Create a pipeline with a source config, store, and destination:

use etl::{
    config::{
        BatchConfig, InvalidatedSlotBehavior, MemoryBackpressureConfig, PgConnectionConfig,
        PipelineConfig, TableSyncCopyConfig, TcpKeepaliveConfig, TlsConfig,
    },
    destination::{Destination, DropTableForCopyResult, WriteEventsResult, WriteTableRowsResult},
    error::EtlResult,
    pipeline::Pipeline,
    store::MemoryStore,
    types::{Event, ReplicatedTableSchema, TableRow},
};

#[derive(Clone)]
struct NoopDestination;

impl Destination for NoopDestination {
    fn name() -> &'static str {
        "noop"
    }

    async fn drop_table_for_copy(
        &self,
        _replicated_table_schema: &ReplicatedTableSchema,
        async_result: DropTableForCopyResult<()>,
    ) -> EtlResult<()> {
        async_result.send(Ok(()));
        Ok(())
    }

    async fn write_table_rows(
        &self,
        _replicated_table_schema: &ReplicatedTableSchema,
        _table_rows: Vec<TableRow>,
        async_result: WriteTableRowsResult<()>,
    ) -> EtlResult<()> {
        async_result.send(Ok(()));
        Ok(())
    }

    async fn write_events(
        &self,
        _events: Vec<Event>,
        async_result: WriteEventsResult<()>,
    ) -> EtlResult<()> {
        async_result.send(Ok(()));
        Ok(())
    }
}

#[tokio::main]
async fn main() -> Result<(), Box<dyn std::error::Error>> {
    let pg_config = PgConnectionConfig {
        host: "localhost".to_string(),
        hostaddr: None,
        port: 5432,
        name: "mydb".to_string(),
        username: "postgres".to_string(),
        password: Some("password".to_string().into()),
        tls: TlsConfig { enabled: false, trusted_root_certs: String::new() },
        keepalive: TcpKeepaliveConfig::default(),
    };

    let config = PipelineConfig {
        id: 1,
        publication_name: "my_publication".to_string(),
        pg_connection: pg_config,
        store_pg_connection: None,
        batch: BatchConfig {
            max_fill_ms: 5000,
            memory_budget_ratio: 0.2,
            max_bytes: 8 * 1024 * 1024,
        },
        table_error_retry_delay_ms: 10_000,
        table_error_retry_max_attempts: 5,
        max_table_sync_workers: 4,
        max_copy_connections_per_table: PipelineConfig::DEFAULT_MAX_COPY_CONNECTIONS_PER_TABLE,
        memory_refresh_interval_ms: 100,
        memory_backpressure: Some(MemoryBackpressureConfig::default()),
        table_sync_copy: TableSyncCopyConfig::default(),
        invalidated_slot_behavior: InvalidatedSlotBehavior::default(),
    };

    let store = MemoryStore::new();
    let destination = NoopDestination;

    let mut pipeline = Pipeline::new(config, store, destination);
    pipeline.start().await?;
    pipeline.wait().await?;

    Ok(())
}

This snippet intentionally shows ETL used as a library with your own Destination implementation.

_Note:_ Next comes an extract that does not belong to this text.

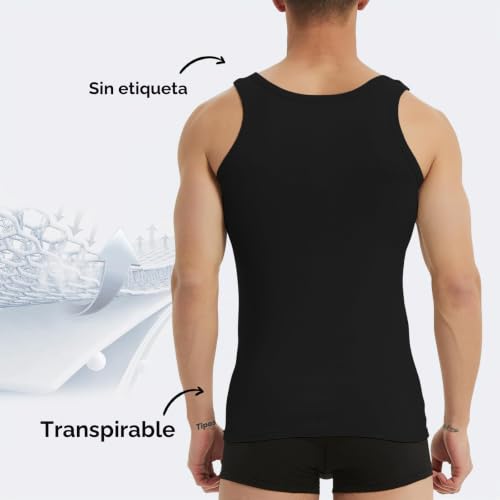 Detalle de YouShow Camiseta interior para hombre sin mangas acanalada 100% algodón (paquete 3/5) – cómodo esencial sin etiqueta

Feature-gated destination modules live in etl-destinations: BigQuery, DuckLake, ClickHouse, Snowflake, and the deprecated Iceberg module. The shared pipeline, config, store, and event types should come from etl.

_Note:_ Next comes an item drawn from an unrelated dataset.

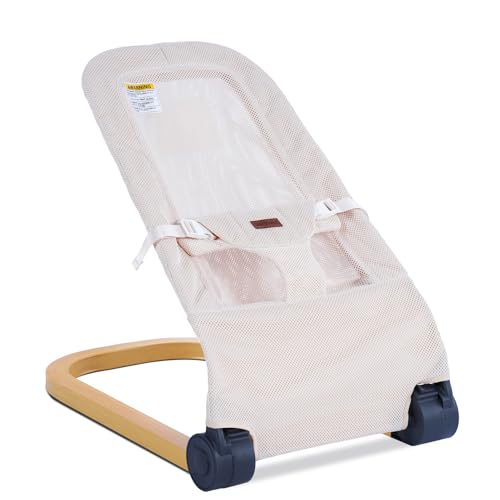 Image of Winchild Baby Bouncer,Portable Baby Bouncer Seat & Foldable with 3 Height Adjustments, Ergonomic Bouncer for Babies 0-6 Months, Wood Grain Style, Natural Vibrations, Includes Storage Bag(Mesh Beige)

Pipeline::start() installs ETL's source-side schema helpers before replication begins. If you use PostgresStore as the runtime store, PostgresStore::new() separately prepares the Postgres-backed state tables.

Documentation

Section	What you'll find
Your First Pipeline	Step-by-step instructions to get things done
Postgres Replication Concepts	Deep dives into concepts and architecture
Examples	Runnable `bigquery` and `ducklake` example binaries

Contributing

Pull requests and issues welcome on GitHub.

New destinations: Open an issue first to gauge interest. Each built-in destination carries long-term maintenance cost, so we only accept those with significant community demand.